Encenada no teatro Carlos Gomes, dirigida por Flaminio Bollini, e tendo no elenco atores de peso como Odete Lara (na montagem carioca, Glauce Rocha substituiu Odete), a própria Maria Della Costa, Jardel Filho, Armando Bogus, Luiz Tito, Felipe Carone, Benjamim Cattan e o futuramente famoso novelista Manoel Carlos, Moral em Concordata, outra montagem dessa temporada, um texto polêmico sobre violência, machismo e prostituição, conta a história de duas irmãs (protagonizadas por Odete Lara e Maria Della Costa), a primeira casada com Raul (Jardel Filho), por quem é desprezada e maltratada, e a segunda, solteira e mal falada, mas que leva uma vida glamourosa e razoavelmente luxuosa, “uma vigarista que troca a noite pelo dia”. Na realidade, uma prostituta de luxo, cuja vida servirá de exemplo para a irmã, quando seu casamento entrar em parafuso.


O mais interessante da peça anterior - A Rosa Tatuada - é que ela, inicialmente, fora oferecida por Abílio para o TBC que, mesmo sendo de Tennessee Williams e ter sido encenada na Broadway com Burt Lancaster e Anna Magnani, não a considerou digna de ser montada. O teatrólogo, então, a ofereceu para Maria Della Costa que, imediatamente, viu seu potencial e a encenou. O resultado foi um estupendo sucesso de público, que, segundo Della Costa, rendeu tanto que permitiu que ela e Sandro Polloni fossem para a Europa em viagem de férias.
.
***


Tão logo Tônia, Celi e Paulo Autran saem do TBC e montam sua própria companhia – a Companhia Tônia-Celi-Autran (CTCA) –, o repertório para a temporada de 1956 foi escolhido; o grupo se fixou em quatro peças, duas comédias – A Viúva Astuciosa (Goldoni) e Negócios de Estado (Louis Verneuil) – e dois dramas – Entre Quatro Paredes (Jean Paul Sartre) e Otelo (Shakespeare).
.
A Viúva Astuciosa, uma peça satírica neoclássica de Goldoni, foi somente um veículo para Tônia Carrero, que sempre brilhava em comédias desse tipo; Negócios de Estado, uma peça ambientada em Washington, nos meandros da política americana, foi escrita por Verneuil quando este morou nos Estados Unidos, uma crítica ao modo de vida norte-americano. Uma boa montagem do grupo e também um sucesso médio. Tônia, mais tarde, chegou a dizer que a peça era uma bobagem, muito fácil de fazer. Segundo ela, a peça fora feita “com os pés nas costas, como faria qualquer uma outra do gênero.

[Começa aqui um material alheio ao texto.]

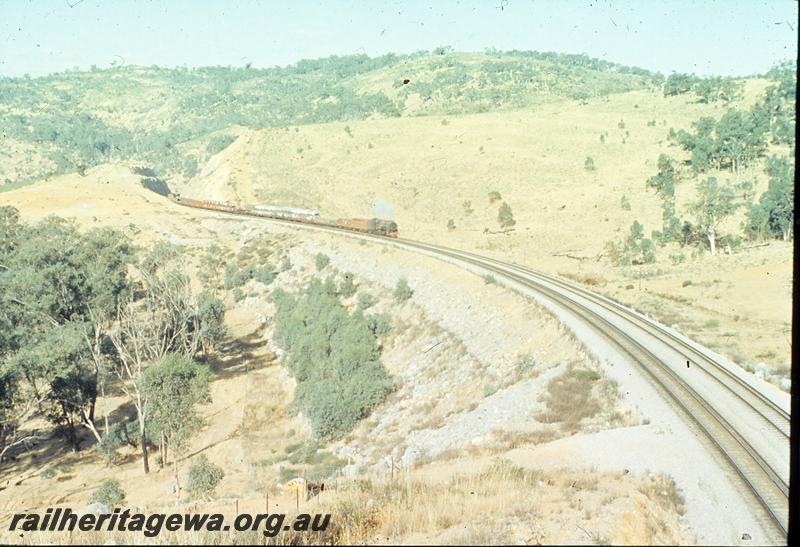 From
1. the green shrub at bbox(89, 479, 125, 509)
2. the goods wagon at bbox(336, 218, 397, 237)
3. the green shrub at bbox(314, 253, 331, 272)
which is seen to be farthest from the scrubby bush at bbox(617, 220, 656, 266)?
the green shrub at bbox(89, 479, 125, 509)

Escrita em 1944, já nos estertores do regime nazista, Entre Quatro Paredes (montada anteriormente pelo TBC em 1950) é uma peça sem concessões, que tenta responder à afirmação segundo a qual “o inferno são os outros”. São três personagens em cena, desconhecidos entre si, que se encontram, após a morte, no inferno, um inferno diferente, sem fornalhas, demônios ou sessões de tortura; ou seja, um inferno civilizado; o ambiente é decorado com estilo sóbrio e bastante elegante. Nesse ambiente, as luzes jamais se apagam porque não existem dias nem noites. Como estão condenados a conviver por toda a eternidade, logo percebem sua função no local: cada um será o carrasco dos demais.


Tônia, que ganhou o prêmio Saci de Melhor Atriz do ano por sua performance nessa peça, percebeu que a crítica, após esse espetáculo, passou a considerá-la com mais respeito, não obstante o preconceito ainda presente. Em suas próprias palavras:
“Depois dessa peça, a crítica começou a se mancar (...) o Henrique Oscar e a Bárbara Heliodora mudaram de atitude comigo e tiveram que entregar a rapadura. Mas, mesmo perdendo a desconfiança de que eu não podia fazer dramas, eles falavam mal de mim de outras maneiras e ainda ressaltavam minha beleza que meus dotes de atriz.”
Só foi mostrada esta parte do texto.